Está na moda fazer meditação de muitos tipos. A revista Veja (Edição
2407 de 07 de janeiro de 2015, pp.77-84) acaba de publicar um longo
artigo sobre a “ciência da meditação”. Afirma o artigo que deixando o
seu cunho religioso esta prática vai se tornando um meio de relaxamento,
luta contra a ansiedade, depressão, dores, hipertensão, doenças
cardiovasculares, etc.
Na mesma semana o Papa Francisco, na Missa celebrada na capela da Casa Santa Marta, em 09 de janeiro de 2015 disse que:
“Uma sessão de yoga não poderá ensinar um
coração a “sentir” a paternidade de Deus, nem curso de espiritualidade
zen o tornará mais livre para amar. Somente o Espírito Santo tem este
poder. Quem nos ensina a amar? Quem nos liberta dessa dureza?. Somente o
Espírito Santo. Você pode fazer mil cursos de catequese, mil cursos de
espiritualidade, mil cursos de yoga, zen, e todas essas coisas. Mas isso
nunca vai ser capaz de lhe dar a liberdade de filho. Somente o Espírito
Santo move o seu coração para dizer ‘Pai’. Somente o Espírito Santo
torna o coração dócil a Deus e à liberdade” (Zenit.org – 09 de janeiro
de 2015).
Em vista da tendência de alguns mestres
cristãos a adotar métodos e concepções hinduístas de oração, a
Congregação para a Doutrina da Fé publicou uma “Carta sobre a Meditação
Cristã”, em 15 de outubro de 1989; onde analisa a oração cristã em
confronto com a oração hinduísta. Entre outras coisas, diz:
“No Novo testamento, a oração é
apresentada como obra do Espírito Santo, que ensina aos discípulos toda a
verdade, completando a missão de Jesus (cf. 1Cor 2,10; Jo 16,13s).

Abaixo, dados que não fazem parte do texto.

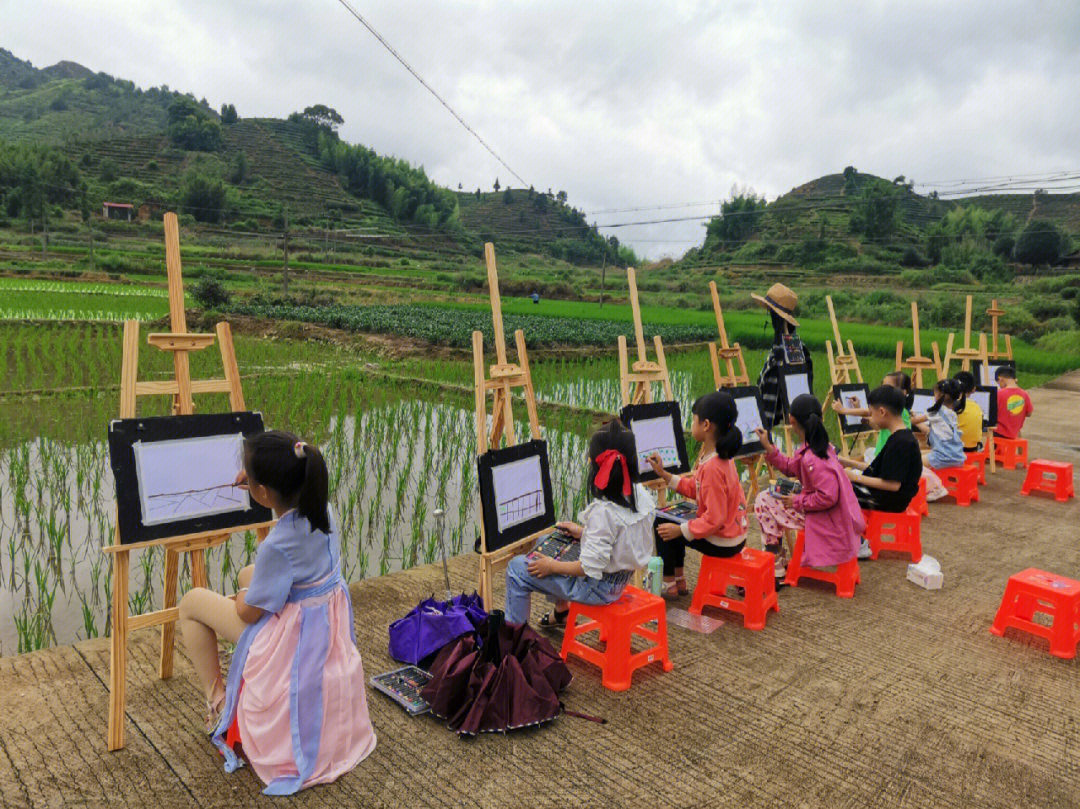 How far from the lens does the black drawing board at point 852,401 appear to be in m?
6.85

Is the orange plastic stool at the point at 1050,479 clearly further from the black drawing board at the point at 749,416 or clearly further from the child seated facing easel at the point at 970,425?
the black drawing board at the point at 749,416

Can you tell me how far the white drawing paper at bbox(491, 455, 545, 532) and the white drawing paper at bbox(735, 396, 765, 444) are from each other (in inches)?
86.6

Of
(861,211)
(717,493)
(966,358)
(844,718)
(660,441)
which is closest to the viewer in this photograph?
(844,718)

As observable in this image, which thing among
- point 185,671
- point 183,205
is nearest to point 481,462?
point 185,671

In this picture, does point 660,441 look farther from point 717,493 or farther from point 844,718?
point 844,718

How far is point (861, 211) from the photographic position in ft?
146

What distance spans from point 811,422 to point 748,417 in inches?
54.8

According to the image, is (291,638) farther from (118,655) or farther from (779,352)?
(779,352)

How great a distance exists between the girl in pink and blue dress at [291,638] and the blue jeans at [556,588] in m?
0.94

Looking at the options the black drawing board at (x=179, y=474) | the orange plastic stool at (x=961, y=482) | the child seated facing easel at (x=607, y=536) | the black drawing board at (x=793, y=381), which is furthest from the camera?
the orange plastic stool at (x=961, y=482)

Vê-se assim que a oração cristão não é mero esforço da mente e das
faculdades do homem para contemplar o Transcendental, mas é Dom de Deus.
Ele se fundamenta e abastece na revelação que Deus faz de si ao homem,
revelação que tem em Cristo seu ponto culminante.
Guiado por este manancial, o cristão não
esquecerá que a sua oração decorre sempre dentro da comunhão dos Santos e
segundo o espírito da Igreja. O cristão nunca ora isoladamente, mesmo
quando está na solidão, mas ora sempre em união com Cristo, no Espírito e
em comunhão com todos os Santos, para o bem da Igreja.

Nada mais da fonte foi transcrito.